» TASK DIRECTIONS
A word-for-word copy of the data is what's wanted; pictures stay out of it.

» DATASET EXTRACT
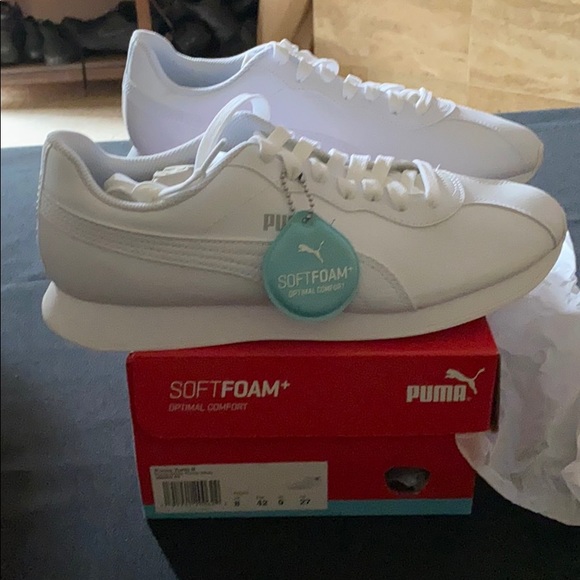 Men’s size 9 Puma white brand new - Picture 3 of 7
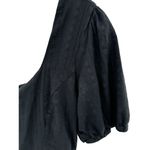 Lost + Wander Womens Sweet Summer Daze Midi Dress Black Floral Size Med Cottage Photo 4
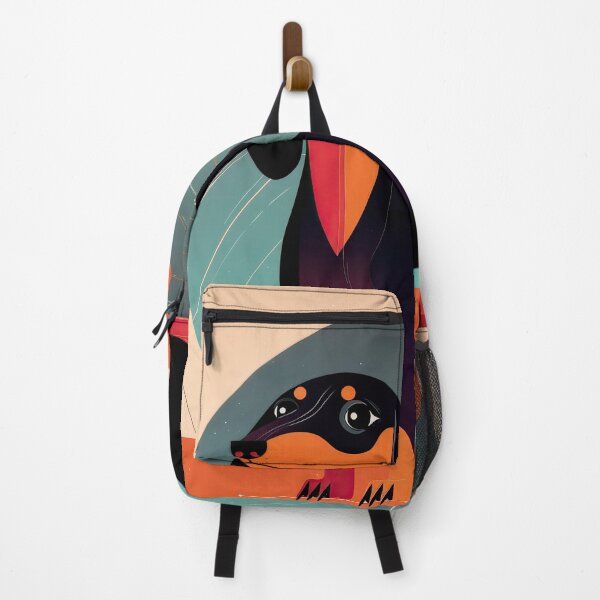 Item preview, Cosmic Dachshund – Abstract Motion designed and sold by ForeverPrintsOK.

» ANSWER BOX
 Men’s size 9 Puma white brand new - Picture 3 of 7
 Lost + Wander Womens Sweet Summer Daze Midi Dress Black Floral Size Med Cottage Photo 4
 Item preview, Cosmic Dachshund – Abstract Motion designed and sold by ForeverPrintsOK.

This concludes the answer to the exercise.